Makeup Museum (MM) Musings is a series that examines a broad range of museum topics as they relate to the collecting of cosmetics, along with my vision for a "real", physical Makeup Museum. These posts help me think through how I'd run things if the Museum was an actual organization, as well as examine the ways it's currently functioning. I also hope that these posts make everyone see that the idea of a museum devoted to cosmetics isn't so crazy after all - it can be done!

https://www.someecards.com/I came across this article detailing an example of an unsolicited museum donation, and it got me thinking about how this would apply to the Makeup Museum. Let's explore the pros and cons of such donations for a cosmetics museum, shall we? 

In the 9 years I've been running the Museum, it has received a handful of amazing, completely unsolicited donations, two of which I haven't even posted about because they were so huge and I'm still in the process of adding them to the inventory and photographing everything.  Some very kind people bestowed hard to find or vintage items in great condition simply because they were going to throw them out, but instead they took the time to do a little research and discovered the Museum might be a good place for these items instead of the trash.  I must say I've had good luck so far with unsolicited donations - no one has sent me beauty items that are in such poor condition that they really do belong in the garbage.  (No one has even requested that I reimburse them for postage, which blows my mind!  I've offered, but they all turned me down.)  Even though I usually have no idea what I'm getting when people offer to send me things - very few take photos and just offer a brief description - I have no problem digging through the items once they arrive and throwing them out if they really are trash.  And as I'm always trying to grow the Museum's collection, right now I have a favorable opinion of such donations.  It's not often you can get quality items for free, so these unsolicited donations essentially mean collection growth without spending a dime of my own money.  Indeed, several prominent museums have had help in growing their collections via unsolicited donations as well. As the director of the institutional history division at the Smithsonian remarked in this article, "We built our collection with amateur collectors." 

Another pro of an unsolicited donation is that even if I can't use it for the collection, it at least provides research and/or blog post fodder.  I like to think of donations as opportunities for other aspects of museum expansion, as sometimes these items can lead me to look into vintage brands or trends I hadn't explored before, or even exhibition concepts.  For example, the Stila memorabilia donations I received sparked the idea of doing a whole exhibition on Stila girl illustrations.  (Still working on it, obviously!)

Finally, for established organizations unsolicited donations can also lead to good press and increased visitor engagement.  This article in Nonprofit Quarterly discusses an unsolicited donation that a museum could have used as PR opportunity and a way to interact with more visitors (although I do understand why the museum didn't follow through with it).  While right now the Makeup Museum doesn't have any real PR to speak of,  if it was an actual museum I'd absolutely pass along unsolicited donations to my PR team and education/engagement staff and see if they could do anything with them.

Now for the not-so-good aspects of unsolicited donations.  Most museums have policies in place clearly stating that they cannot accept unsolicited donations that are left at the doorstep or sent through the mail, and for several good reasons.  First, and probably most important, unsolicited donations can present a host of legal problems.  State laws regarding abandoned property vary, so museums have to determine whether they can legally own donations that were left or sent anonymously.

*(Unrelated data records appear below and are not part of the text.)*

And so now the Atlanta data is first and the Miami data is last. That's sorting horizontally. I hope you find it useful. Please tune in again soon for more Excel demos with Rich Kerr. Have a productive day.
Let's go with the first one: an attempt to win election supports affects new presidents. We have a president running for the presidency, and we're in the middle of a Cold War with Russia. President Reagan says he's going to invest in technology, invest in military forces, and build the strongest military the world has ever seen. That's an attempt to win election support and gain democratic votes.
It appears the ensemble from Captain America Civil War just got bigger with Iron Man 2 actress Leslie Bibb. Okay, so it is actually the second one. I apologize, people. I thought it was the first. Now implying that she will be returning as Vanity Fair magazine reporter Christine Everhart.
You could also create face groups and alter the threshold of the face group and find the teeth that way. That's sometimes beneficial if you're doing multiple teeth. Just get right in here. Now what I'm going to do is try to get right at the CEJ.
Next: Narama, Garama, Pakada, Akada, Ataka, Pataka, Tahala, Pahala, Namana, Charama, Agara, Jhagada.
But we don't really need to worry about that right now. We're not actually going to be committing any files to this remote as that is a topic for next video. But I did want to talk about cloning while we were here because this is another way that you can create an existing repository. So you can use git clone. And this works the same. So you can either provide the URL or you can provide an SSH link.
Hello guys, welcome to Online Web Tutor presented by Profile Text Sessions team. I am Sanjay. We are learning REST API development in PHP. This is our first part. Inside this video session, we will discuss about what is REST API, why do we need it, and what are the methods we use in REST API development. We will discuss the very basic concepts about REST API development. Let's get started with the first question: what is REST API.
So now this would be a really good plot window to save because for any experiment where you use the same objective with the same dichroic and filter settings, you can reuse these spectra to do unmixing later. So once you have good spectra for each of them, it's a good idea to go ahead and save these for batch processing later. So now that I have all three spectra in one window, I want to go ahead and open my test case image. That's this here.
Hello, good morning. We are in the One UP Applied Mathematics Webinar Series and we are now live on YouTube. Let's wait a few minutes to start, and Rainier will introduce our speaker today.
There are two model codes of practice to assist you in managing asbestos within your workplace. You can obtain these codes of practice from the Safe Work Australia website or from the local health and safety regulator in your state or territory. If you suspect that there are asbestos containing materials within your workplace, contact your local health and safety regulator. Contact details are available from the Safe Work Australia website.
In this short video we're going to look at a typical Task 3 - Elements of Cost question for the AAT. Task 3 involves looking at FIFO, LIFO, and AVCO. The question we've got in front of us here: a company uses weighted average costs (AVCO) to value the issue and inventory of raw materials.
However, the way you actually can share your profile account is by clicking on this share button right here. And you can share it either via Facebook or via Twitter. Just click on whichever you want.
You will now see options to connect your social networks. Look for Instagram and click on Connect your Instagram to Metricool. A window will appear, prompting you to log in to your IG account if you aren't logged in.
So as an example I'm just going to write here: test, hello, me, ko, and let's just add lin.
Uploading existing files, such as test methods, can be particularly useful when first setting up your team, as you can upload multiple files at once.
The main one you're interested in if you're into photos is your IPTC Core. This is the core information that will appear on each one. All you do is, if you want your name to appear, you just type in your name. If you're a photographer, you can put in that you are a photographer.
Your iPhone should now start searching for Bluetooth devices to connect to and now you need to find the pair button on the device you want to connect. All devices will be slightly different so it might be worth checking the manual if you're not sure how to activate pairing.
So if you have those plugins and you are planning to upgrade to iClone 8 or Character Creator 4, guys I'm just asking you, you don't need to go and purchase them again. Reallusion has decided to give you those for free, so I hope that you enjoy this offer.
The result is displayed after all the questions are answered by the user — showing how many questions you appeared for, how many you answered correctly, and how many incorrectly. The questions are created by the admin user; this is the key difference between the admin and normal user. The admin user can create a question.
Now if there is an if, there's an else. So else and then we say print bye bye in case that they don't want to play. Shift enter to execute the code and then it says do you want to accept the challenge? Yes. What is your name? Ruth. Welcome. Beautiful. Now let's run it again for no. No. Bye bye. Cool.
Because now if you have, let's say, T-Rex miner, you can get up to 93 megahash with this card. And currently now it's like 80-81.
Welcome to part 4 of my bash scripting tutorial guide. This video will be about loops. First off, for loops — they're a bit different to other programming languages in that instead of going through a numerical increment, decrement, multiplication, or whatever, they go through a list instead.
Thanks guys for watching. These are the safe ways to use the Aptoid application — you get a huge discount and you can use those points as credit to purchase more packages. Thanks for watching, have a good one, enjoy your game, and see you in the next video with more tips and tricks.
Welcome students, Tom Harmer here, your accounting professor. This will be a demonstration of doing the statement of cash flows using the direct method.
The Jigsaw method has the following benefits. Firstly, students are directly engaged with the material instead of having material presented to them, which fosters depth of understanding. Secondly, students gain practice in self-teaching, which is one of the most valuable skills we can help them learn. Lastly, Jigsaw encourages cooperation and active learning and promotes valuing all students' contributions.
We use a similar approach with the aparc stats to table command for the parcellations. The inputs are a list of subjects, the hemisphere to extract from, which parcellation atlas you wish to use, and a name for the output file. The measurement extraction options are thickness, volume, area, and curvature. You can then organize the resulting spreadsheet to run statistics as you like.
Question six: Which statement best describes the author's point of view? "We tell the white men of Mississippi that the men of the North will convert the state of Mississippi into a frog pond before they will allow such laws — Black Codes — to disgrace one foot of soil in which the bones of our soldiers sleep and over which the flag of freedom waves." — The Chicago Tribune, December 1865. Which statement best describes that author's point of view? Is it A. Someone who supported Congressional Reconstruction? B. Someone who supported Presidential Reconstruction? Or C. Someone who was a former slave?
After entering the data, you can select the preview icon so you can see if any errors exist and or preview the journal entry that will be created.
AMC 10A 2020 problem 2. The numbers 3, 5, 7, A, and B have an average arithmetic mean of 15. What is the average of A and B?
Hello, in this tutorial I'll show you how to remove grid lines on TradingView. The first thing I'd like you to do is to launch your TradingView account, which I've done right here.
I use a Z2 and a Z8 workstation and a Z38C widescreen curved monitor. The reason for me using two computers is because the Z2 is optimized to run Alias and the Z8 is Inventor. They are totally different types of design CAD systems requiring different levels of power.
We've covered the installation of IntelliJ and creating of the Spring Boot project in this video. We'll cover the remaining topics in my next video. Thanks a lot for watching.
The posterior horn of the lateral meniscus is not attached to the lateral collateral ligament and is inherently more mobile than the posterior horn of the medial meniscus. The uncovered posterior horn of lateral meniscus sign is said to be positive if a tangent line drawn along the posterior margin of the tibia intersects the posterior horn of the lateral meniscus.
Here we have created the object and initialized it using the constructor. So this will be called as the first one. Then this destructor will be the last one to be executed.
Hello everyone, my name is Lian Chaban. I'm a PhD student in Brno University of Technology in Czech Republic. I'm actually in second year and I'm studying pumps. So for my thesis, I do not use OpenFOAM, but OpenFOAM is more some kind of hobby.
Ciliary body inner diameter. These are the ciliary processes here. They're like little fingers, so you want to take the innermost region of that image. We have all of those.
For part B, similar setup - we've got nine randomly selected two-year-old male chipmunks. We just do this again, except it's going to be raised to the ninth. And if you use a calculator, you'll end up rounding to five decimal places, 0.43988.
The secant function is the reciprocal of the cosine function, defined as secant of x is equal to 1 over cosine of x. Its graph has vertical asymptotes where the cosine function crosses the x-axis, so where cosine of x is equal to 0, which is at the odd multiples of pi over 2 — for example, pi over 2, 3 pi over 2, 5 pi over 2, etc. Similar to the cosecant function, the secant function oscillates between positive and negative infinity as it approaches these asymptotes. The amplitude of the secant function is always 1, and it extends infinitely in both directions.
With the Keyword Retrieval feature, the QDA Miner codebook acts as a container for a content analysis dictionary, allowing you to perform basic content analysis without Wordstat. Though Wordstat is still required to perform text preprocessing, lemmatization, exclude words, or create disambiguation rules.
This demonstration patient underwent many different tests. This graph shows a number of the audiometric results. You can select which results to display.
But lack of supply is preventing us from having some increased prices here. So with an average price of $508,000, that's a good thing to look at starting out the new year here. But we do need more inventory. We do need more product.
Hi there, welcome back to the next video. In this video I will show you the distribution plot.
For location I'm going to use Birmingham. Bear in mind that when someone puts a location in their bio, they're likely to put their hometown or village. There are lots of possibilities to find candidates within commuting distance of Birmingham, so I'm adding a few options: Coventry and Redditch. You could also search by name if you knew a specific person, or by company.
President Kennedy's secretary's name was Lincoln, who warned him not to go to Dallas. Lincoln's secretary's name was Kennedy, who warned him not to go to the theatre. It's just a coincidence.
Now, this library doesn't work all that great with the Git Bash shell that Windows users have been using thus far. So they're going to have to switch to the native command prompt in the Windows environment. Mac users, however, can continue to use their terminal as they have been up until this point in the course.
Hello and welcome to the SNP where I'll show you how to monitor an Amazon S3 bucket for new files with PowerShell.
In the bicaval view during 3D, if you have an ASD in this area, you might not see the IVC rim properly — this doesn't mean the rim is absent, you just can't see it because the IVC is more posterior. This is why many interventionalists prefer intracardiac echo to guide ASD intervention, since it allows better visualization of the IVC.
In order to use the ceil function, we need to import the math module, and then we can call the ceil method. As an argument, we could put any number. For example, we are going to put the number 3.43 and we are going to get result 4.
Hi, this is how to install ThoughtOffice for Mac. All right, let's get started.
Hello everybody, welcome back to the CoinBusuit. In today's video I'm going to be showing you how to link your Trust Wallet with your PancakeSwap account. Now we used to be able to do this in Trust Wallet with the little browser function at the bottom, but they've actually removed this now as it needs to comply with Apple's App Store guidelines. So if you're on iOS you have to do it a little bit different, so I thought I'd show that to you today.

Not only that, while the donation is monetarily free, the donor may put burdensome conditions in place, such as having the item on display at all times.  This makes the legal aspects of the deed of gift more complicated, and the conditions themselves may be more trouble than the donation is worth.  Plus, some pieces have questionable provenance, especially those where the donor refuses to say how they acquired the item or even give their name - no museum wants stolen or fake works in their collections because, again, this could lead to an epic litigation nightmare.

Second, unsolicited donations require an incredible amount of experience in handling extremely delicate situations.  If a donor is turned down, the result may be a permanently damaged relationship that could affect other donations.  Not only does museum staff want to avoid hurt feelings, as donors can be very attached to an object and may take the rejection personally, but the donor may have something else of value that they are now not willing to part with.  As this Wall Street Journal article explains, "Responding to inquiries for donations requires considerable tact, if for no other reason than a collector offering one unwanted object may have one or more others in which the museum would be far more interested...museum officials attempt to learn something about the person making the offer, because they don't want to close the door on a relationship that might yield other benefits."    

Third, unsolicited donations can be logistically difficult for a small museum that doesn't necessarily have the resources to sift through everything that gets left outside their door or in their mail.  Even if the item proves worthy of the museum's collection, the accessioning process takes a considerable amount of time.  Additionally, the museum may not have the storage space or ability to conserve the items. While mostly applauding the unsolicited donation of goldfish to a museum's pond (literally someone just smuggled a bunch of fish onto museum property and dumped them into the pond without consulting any staff), the Nonprofit Quarterly article notes that the fish ended up dead since the pond wasn't the right environment for them.  If a museum can't properly care for a donation for whatever reason, it actually does more harm than good.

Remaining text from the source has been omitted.